Biden insists on a “clean” debt ceiling increase to meet current fiscal obligations, refusing to even talk to Republicans. McCarthy called for talks that he believed would cut spending. It is unclear how much he wants to cut and whether his fellow Republicans will accept any deal after a contentious start to the session that required 15 rounds of voting to elect McCarthy as speaker.

The debt ceiling was a solution originally adopted during World War I that allowed the issuance of bonds without the need for repeated approval by Congress. But in an era of polarization and mounting debt, the cap has become a political tool. It does not reflect the actual borrowing capacity of the federal government, but how much it can legally borrow without congressional approval.

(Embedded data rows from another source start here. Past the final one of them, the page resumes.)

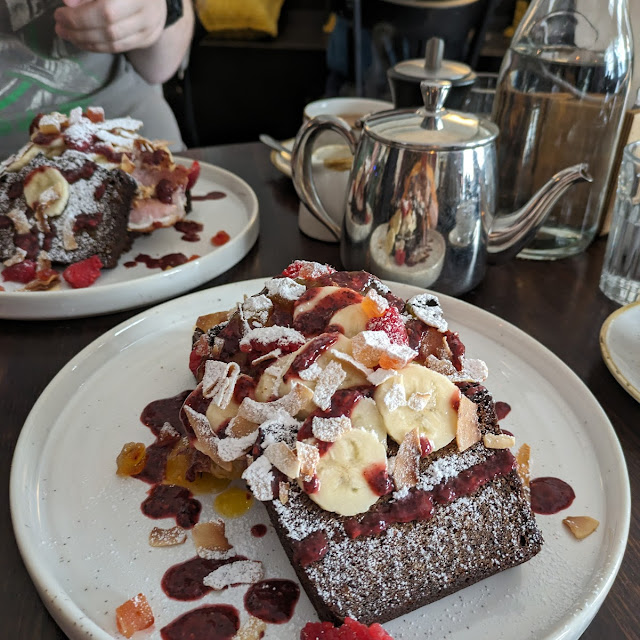Banana Bread with Mascarpone
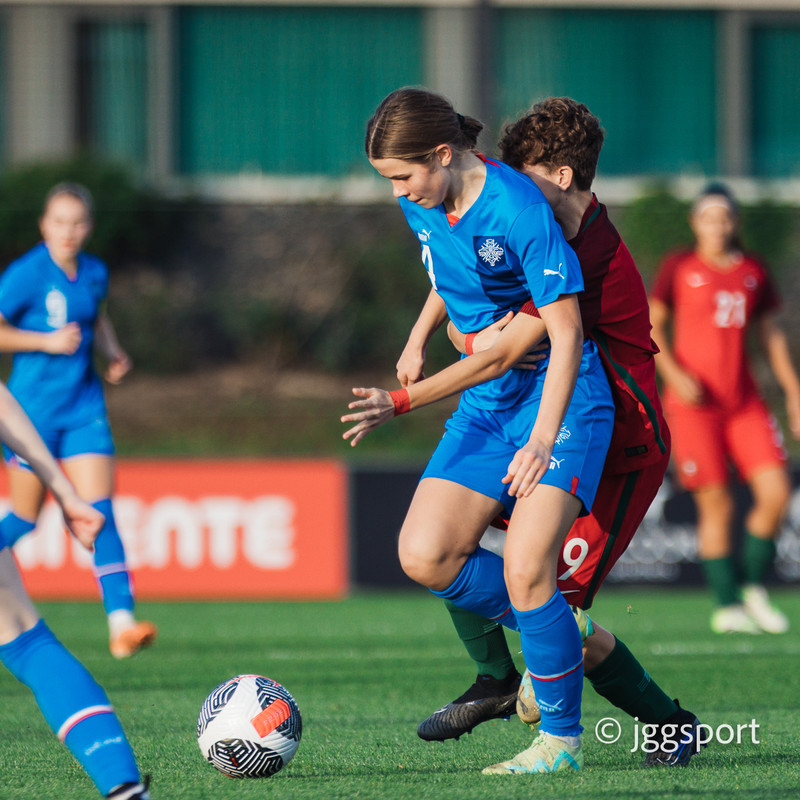 Myndaveisla 2: U15 tapaði gegn Portúgal í fyrradag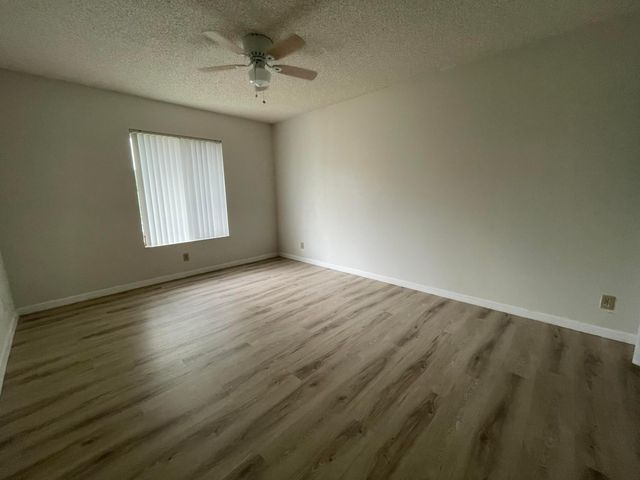 207 Foxtail Drive E3, Greenacres, FL 33415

To keep the government running, the Treasury Department enacted a series of accounting fines that would freeze contributions to federal employees’ retirement and health funds, giving the government enough fiscal leeway to handle its day-to-day expenses until about June Will go

It is unknown what would happen if these measures lapse without agreement on the debt ceiling. The Treasury Department said a prolonged default could be devastating, as markets tumbled and panic-shortening erupted as confidence in the cornerstone of the global economy evaporated.

Bank of America analysts warned in a report last week that “a high degree of uncertainty exists regarding the pace and magnitude of damage to the US economy.”

The underlying challenge is that if the government does not have the capacity to issue debt, it must balance its finances on a daily basis. If the government cannot issue debt, it will have to cut down to the size of 5% of the total US economy.